Luckily for Hunter-Spivey it was a minor setback and he arrived in time to witness the momentous London 2012 parade.
“London was disappointing in many ways because I didn’t qualify and that had been the dream for me but I was on the Paralympic Inspiration Programme and that meant I got to go to the village, watch the table tennis, and be a part of the parade,” said Hunter-Spivey.
“That meant there was a real fire in my belly in those four years building up to Rio because I didn’t want to be the guy in the crowd I wanted to be the person at the table.
“Looking back, I almost didn’t make it because I got stuck on the underground. But I managed to get to the parade on time and my overriding memory was just being with the athletes, we weren’t separated or anything like that. So that gave me a sense of what it would be like to play in the Paralympics and for me that image just looking out is one I’ll never forget.”
The 22-year-old fulfilled his dream of becoming a Paralympian at last year’s Rio 2016 Paralympic Games – a journey that had been a decade in the making and not without its difficulties.
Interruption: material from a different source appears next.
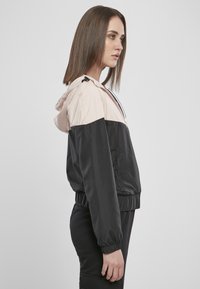 Lett og tettsittende hettejakke i rosa og svart. Glatt stoff med elastiske mansjetter og nederkant, med glidelås og kontrastfargede paneler.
“When I started the lessons were £2.50 but we literally didn’t have the money to go so we contacted Bernados and they had some funding that could support me through the first sessions,” he added.
“I went along and there was a guy in a wheelchair called Tony Edge. Back then I could stand a little bit and I was too stubborn to use my wheelchair because I wanted to be like the other kids.
“And then this guy who’s a Class 1 beat me 22-0 and I had no chance against him and he helped me adjust to my disability and adjust to the sport.
“To go on from there and qualify for Rio is just amazing to think about and when I’d made it I have this vivid memory of being in my hotel room and ringing my Mum and saying, ‘Mum I’ve made it.’
While Hunter-Spivey’s dream was to make it to a Paralympic Games he admits his goals have shifted and he is looking to make a splash at this week’s European Championships as he casts one eye to Tokyo 2020 and a place on the Paralympic podium.
“I know I can beat the best in the world at the moment and I know I can medal in major competitions and at the Paralympic Games.
“I’ve only played one tournament since Rio but I feel really good ahead of the Euros. I’ve lost nearly four stone since Rio and am playing the best table tennis of my life.
“I’ve beaten three of the top four players that will be there and lost to the other 3-2 so I think I’m one of the players no one will want to meet and it could be my time.”